Task instructions: A faithful transcript of all the lines below, with no pictures, is the goal here.
(Given records begins)
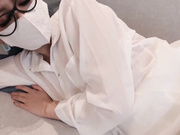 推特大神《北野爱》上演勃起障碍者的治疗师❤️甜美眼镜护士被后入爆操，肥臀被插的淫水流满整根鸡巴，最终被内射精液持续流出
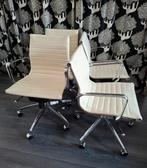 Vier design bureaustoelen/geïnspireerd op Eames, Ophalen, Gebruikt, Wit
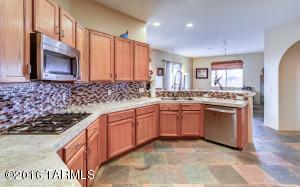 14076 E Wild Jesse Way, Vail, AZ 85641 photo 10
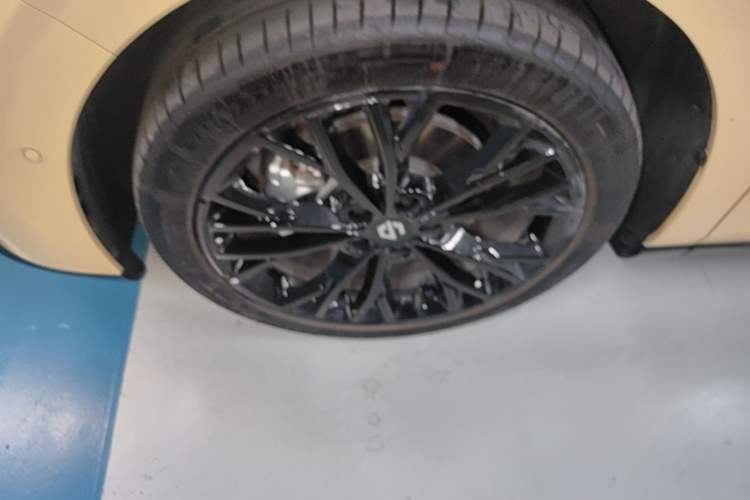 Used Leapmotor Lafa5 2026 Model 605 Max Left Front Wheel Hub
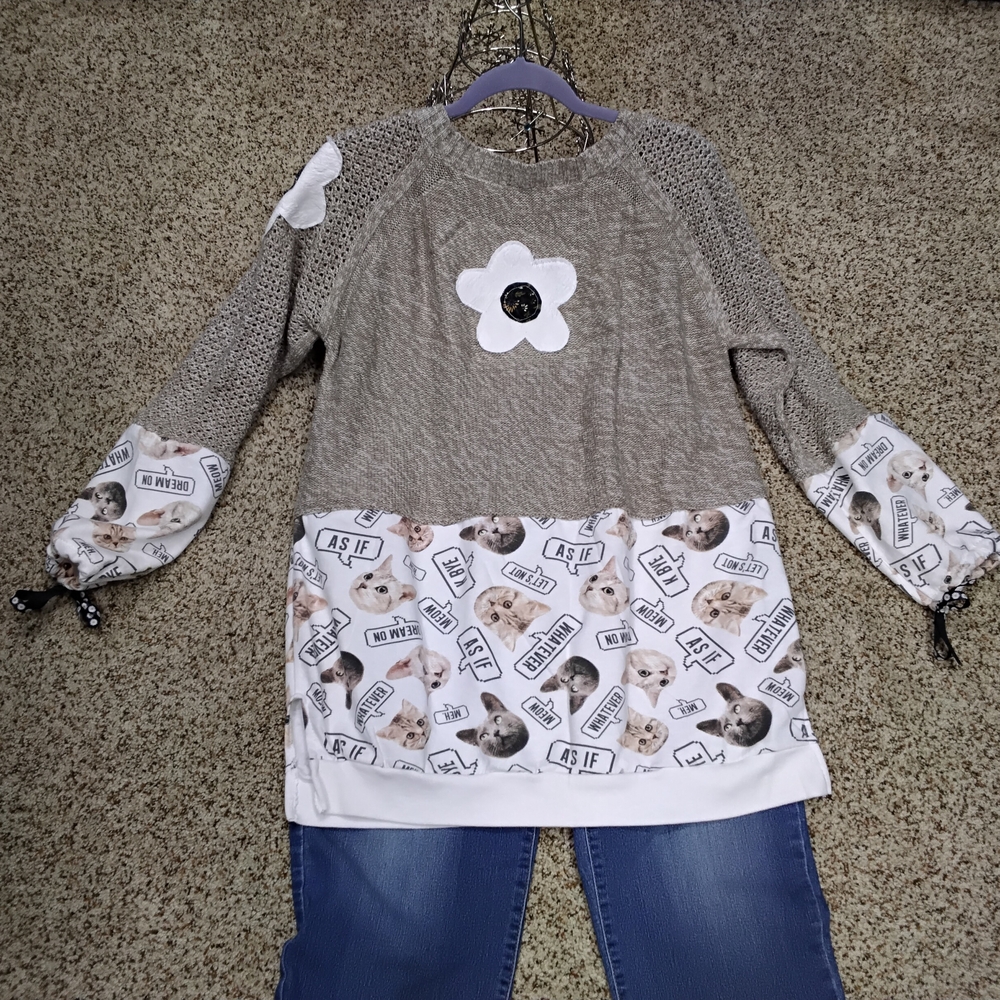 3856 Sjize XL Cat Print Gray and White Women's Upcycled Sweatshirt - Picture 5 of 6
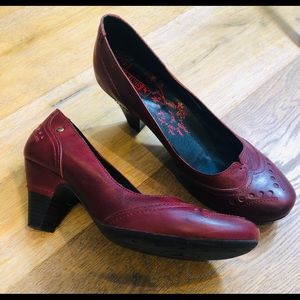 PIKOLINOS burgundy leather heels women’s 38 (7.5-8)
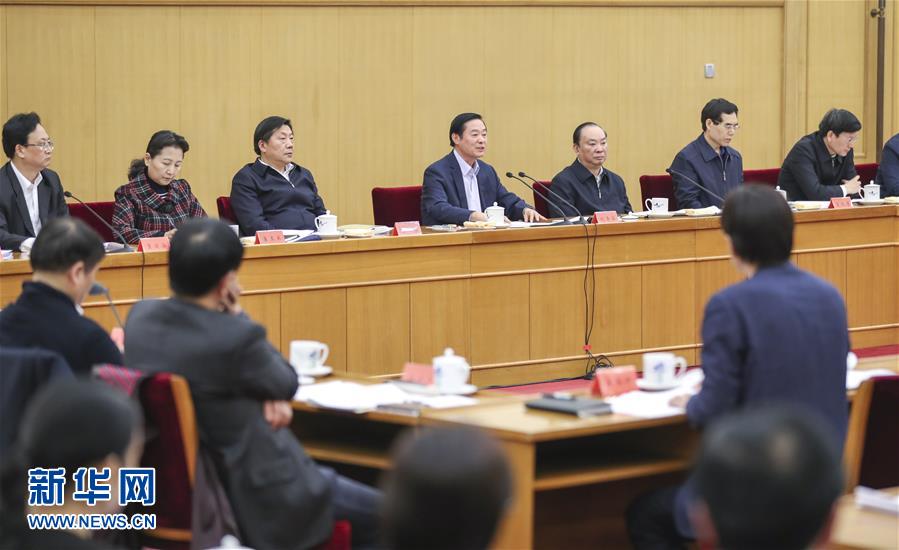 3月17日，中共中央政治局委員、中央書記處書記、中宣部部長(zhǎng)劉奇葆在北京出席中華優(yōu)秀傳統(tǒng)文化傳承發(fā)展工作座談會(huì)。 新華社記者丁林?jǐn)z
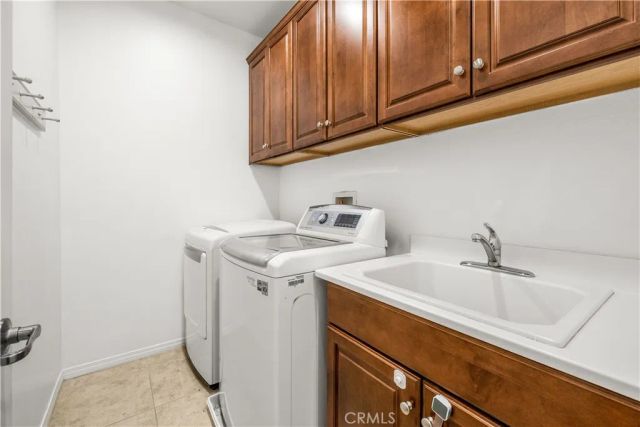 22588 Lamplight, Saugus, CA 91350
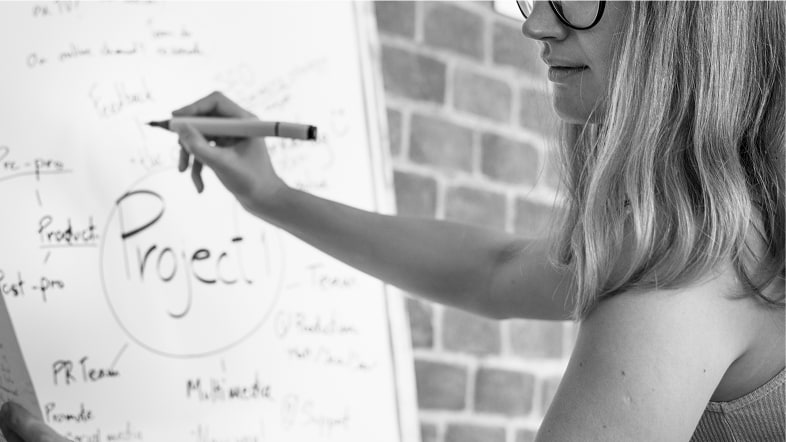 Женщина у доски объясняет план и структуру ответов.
(Given records ends)
Result below:
 推特大神《北野爱》上演勃起障碍者的治疗师❤️甜美眼镜护士被后入爆操，肥臀被插的淫水流满整根鸡巴，最终被内射精液持续流出
 Vier design bureaustoelen/geïnspireerd op Eames, Ophalen, Gebruikt, Wit
 14076 E Wild Jesse Way, Vail, AZ 85641 photo 10
 Used Leapmotor Lafa5 2026 Model 605 Max Left Front Wheel Hub
 3856 Sjize XL Cat Print Gray and White Women's Upcycled Sweatshirt - Picture 5 of 6
 PIKOLINOS burgundy leather heels women’s 38 (7.5-8)
 3月17日，中共中央政治局委員、中央書記處書記、中宣部部長(zhǎng)劉奇葆在北京出席中華優(yōu)秀傳統(tǒng)文化傳承發(fā)展工作座談會(huì)。 新華社記者丁林?jǐn)z
 22588 Lamplight, Saugus, CA 91350
 Женщина у доски объясняет план и структуру ответов.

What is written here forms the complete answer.